I know the term "Algorithm" is used in "Computer science" and "Computer programming" as any set of operations done in an ordered way to solve a problem. But this definition seems not a rigorous mathematical definition.
Is there any rigorous definition of the concept of "Algorithm" in the scope of "Pure mathematics"?
As pointed in the comments, the best formalization of what is an algorithm uses the theory of Turing machines.
This definition is surprisingly robust, in the sense that for all other sensible attempts at formalizing the notion of an algorithm (perhaps the other famous one is the model of lambda calculus) we have found the resulting model to be equivalent to Turing's, in the sense that every function from the natural numbers to the natural numbers computed in the model can be computed by a properly designed Turing machine.
In fact, the evidence is so strong that computer scientists conjecture that every possible sensible model of computation will be reducible to Turing's model. This is known as the Church-Turing thesis.
As requested per the OP, here is a possible formalization of Turing machines in a set theory friendly presentation.
A Turing machine is a function from the set $Q\times \Sigma$ to the set $Q \times \Omega$, where $Q$ is a finite set of states with two special states $START$ and $HALT$ that designate initialization and ending of the computation, $\Sigma$ is a finite set of symbols (typically $1$ and $0$) and $\Omega$ is a set of possible actions that the TM may take (typically writing a $1$, writing a $0$, moving left and moving right).
Thus in each step the machine reads the contents of the cell it is in, and according to its internal state and the reading changes its state and does an action.
Now, the Turing machine starts over a tape with an input of finitely many ones and infinitely many 0's (or other symbols depending on your choice of formalism). If we specify a codification for inputs and outputs, then we can define "running" the algorithm as starting the TM over a valid input in the $START$ state, and applying repeatedly the transition table we have defined and performing the indicated actions over the tape until we reach the $HALT$ state. Then we can decodify the contents of the tape in that moment as the output of the algorithm.

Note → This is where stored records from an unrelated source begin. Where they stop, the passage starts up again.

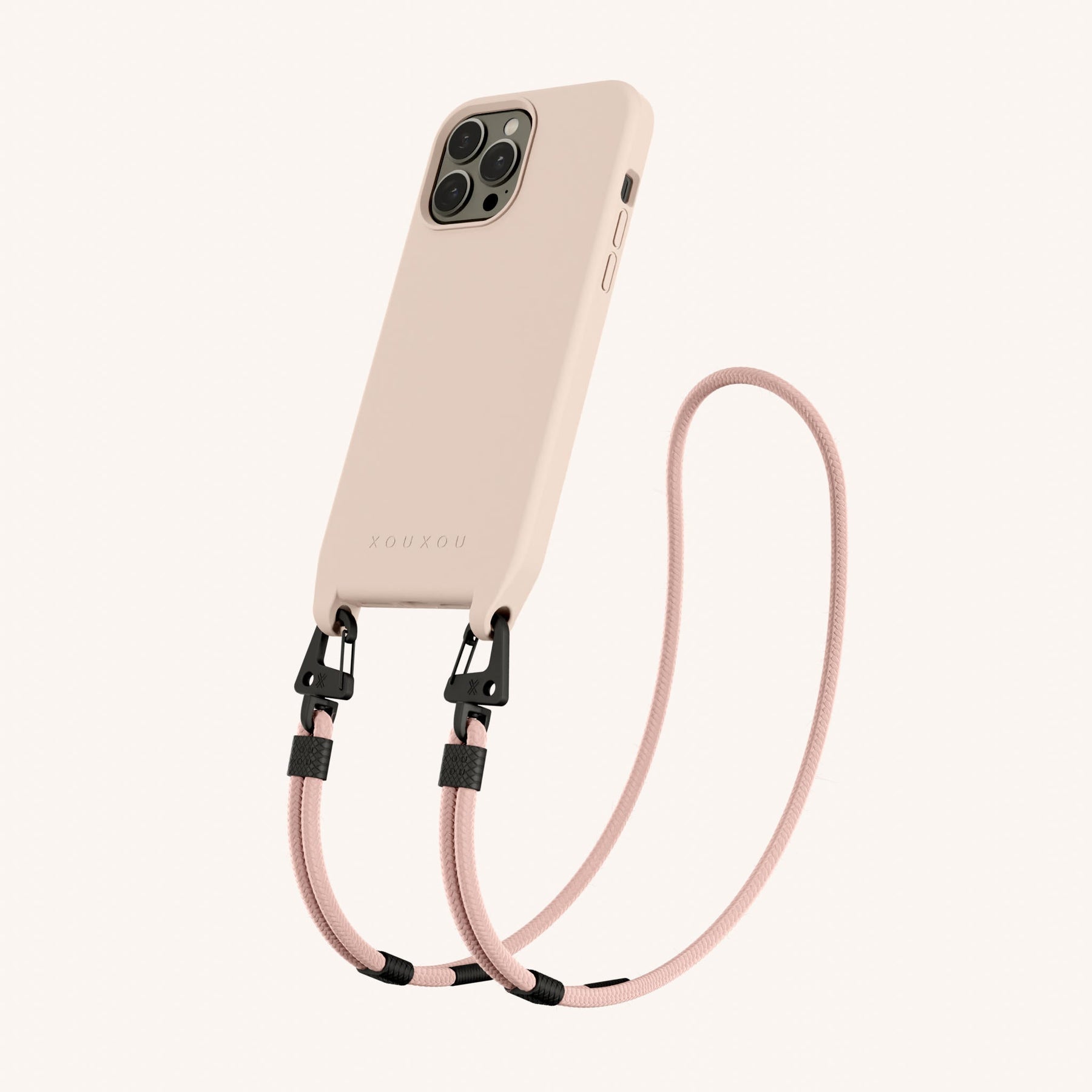 Phone Necklace with Carabiner Rope in Powder Pink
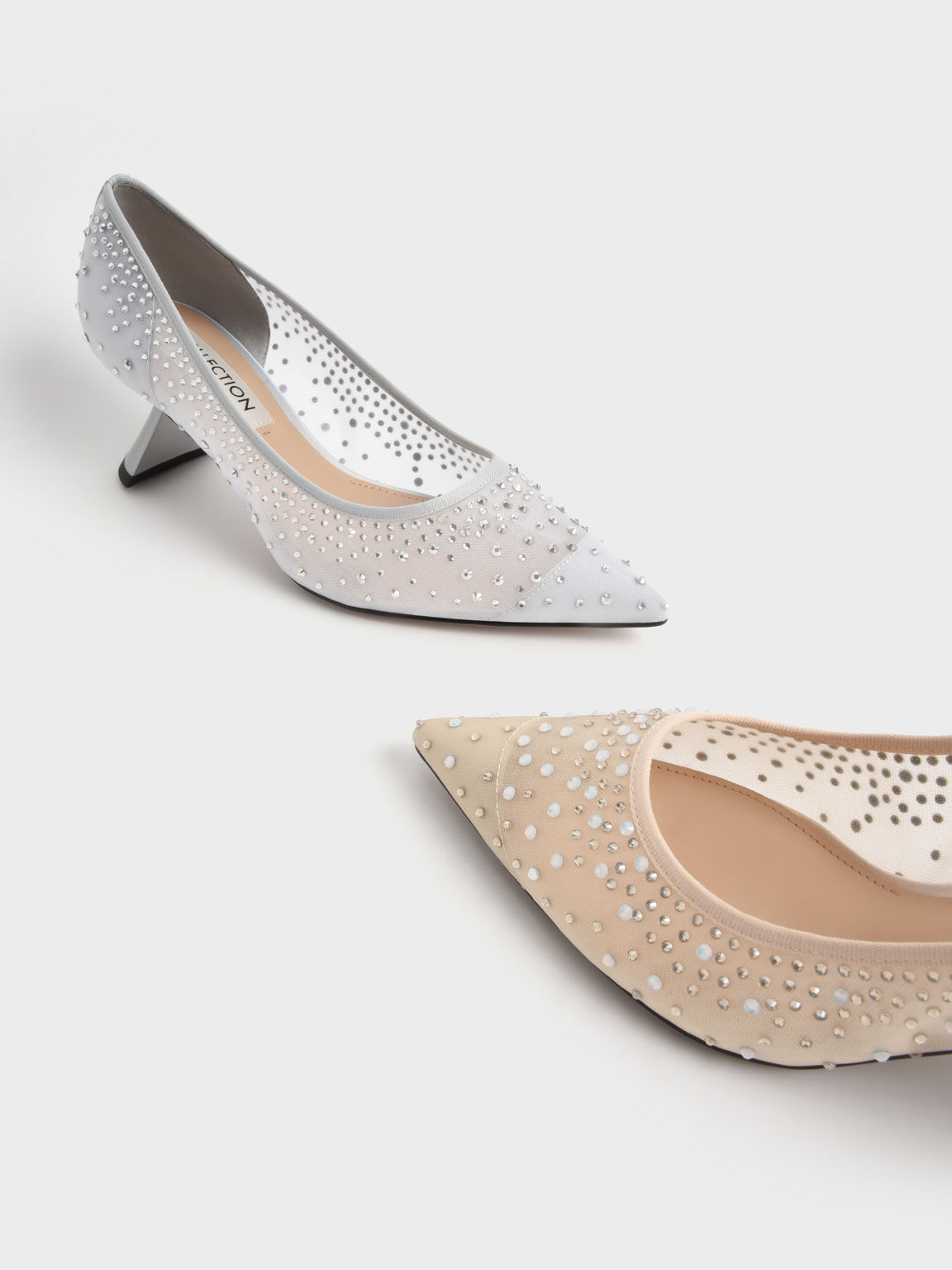 Blythe Mesh Embellished Sculptural Heel Pumps, Nude, hi-res
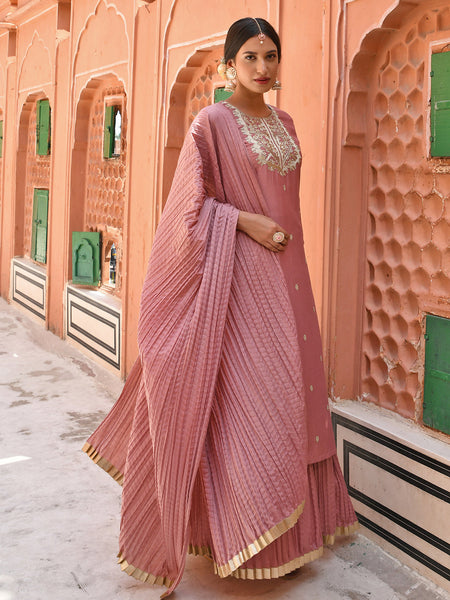Janasya Women's Old Rose Chinon Embroidered Kurta With Skirt And Dupatta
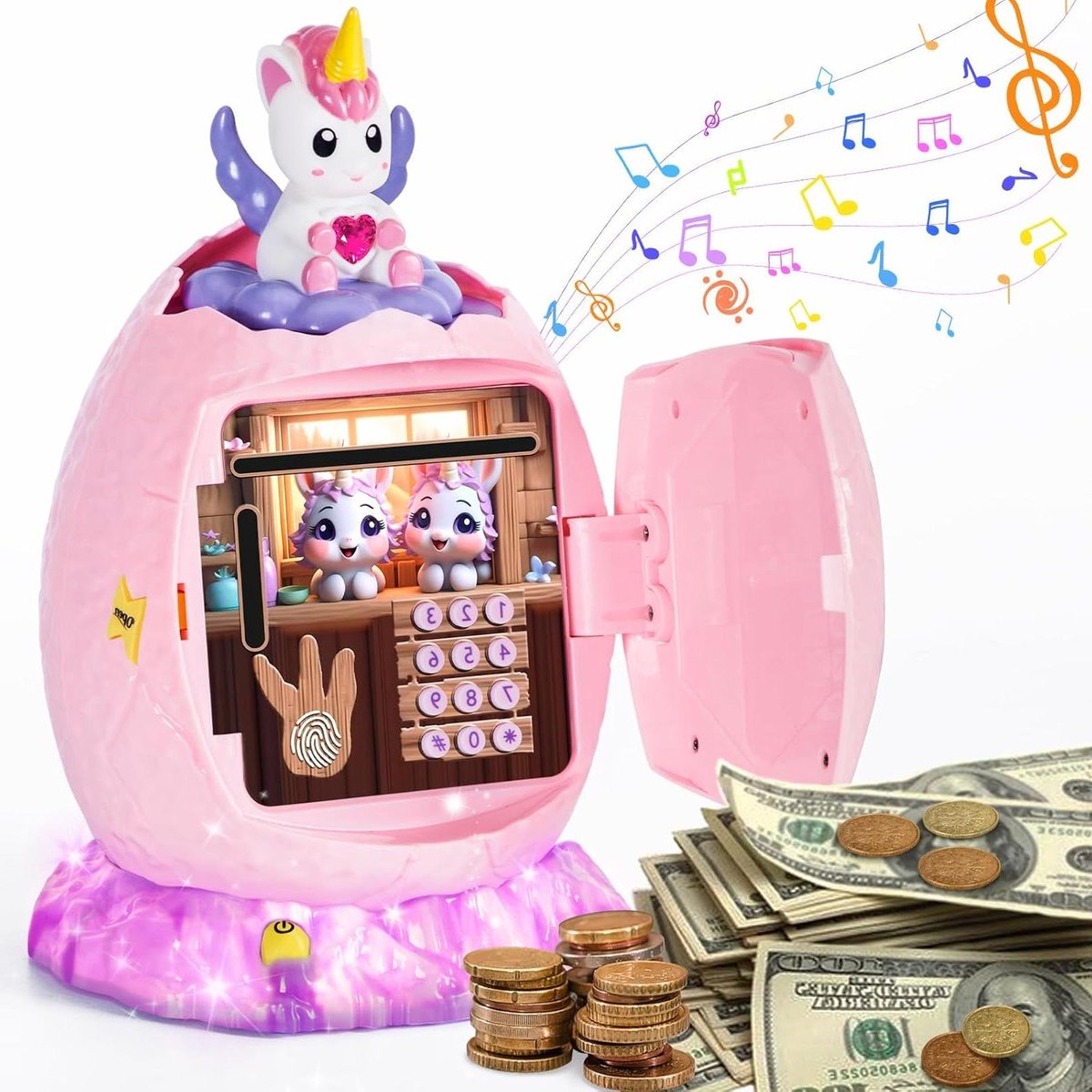 Spaarpot Eenhoorn - Muziek Spaarpot - Kinderen Leren Sparen - Automatische Geldopname - 21 x 16 x 16 cm - Roze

Of course, this formalism is quite useful to reason about TMs, but if we want to embed them in Set Theory we will have to step up our game.

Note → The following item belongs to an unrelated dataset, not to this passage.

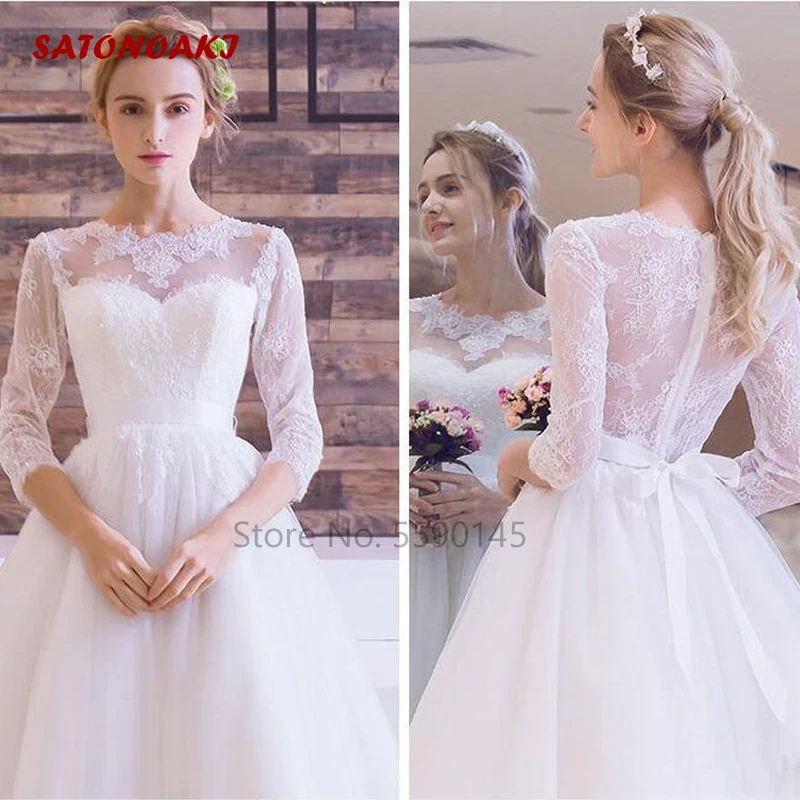 Beach Short Wedding Dress 2024 Lace Applique 3/4 Sleeve Elegant Boho Garden Bridal Gown Sheer Neck Tea-Length Vestidos De Novia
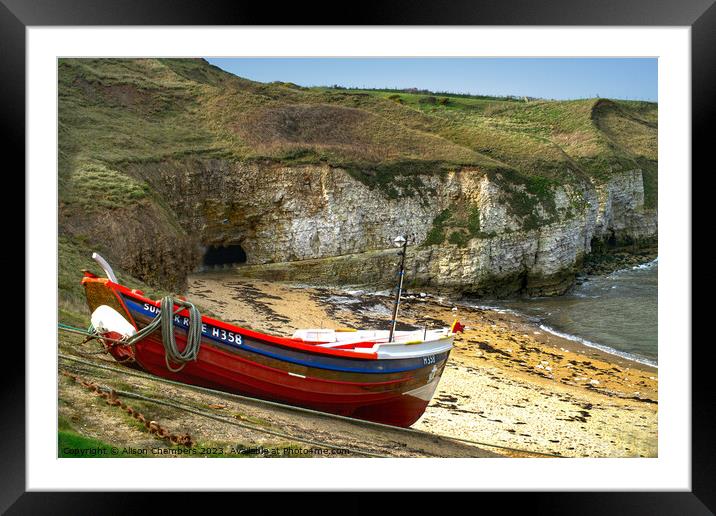 Flamborough North Landing Framed Mounted Print by Alison Chambers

We can construct the TMs as functions which transform an set representing the state of the machine, its position and the infinite tape into new states, positions and tapes, subject to a series of conditions.
Under this interpretation, the TM is a function $Q\times\mathbb{Z}\times T \to Q\times\mathbb{Z}\times T$, where $Q$ are the states, the second member of the tuple is the position and $T$ is the infinite tape, itself a function from $\mathbb{Z}$ to $\Sigma$.
To be a proper TM, some restrictions have to be imposed, such that you can only modify the cell you are in, there must be special start and end states, etc. $Q$ and $\Sigma$ can be seen as finite sets of numbers.
This is a powerful enough formalization to talk about TMs in the language of set theory.
If you are interested in a beautiful and thorough treatment of computability theory and its embedding in FOL, I suggest reading Computability and logic, by Boolos et al.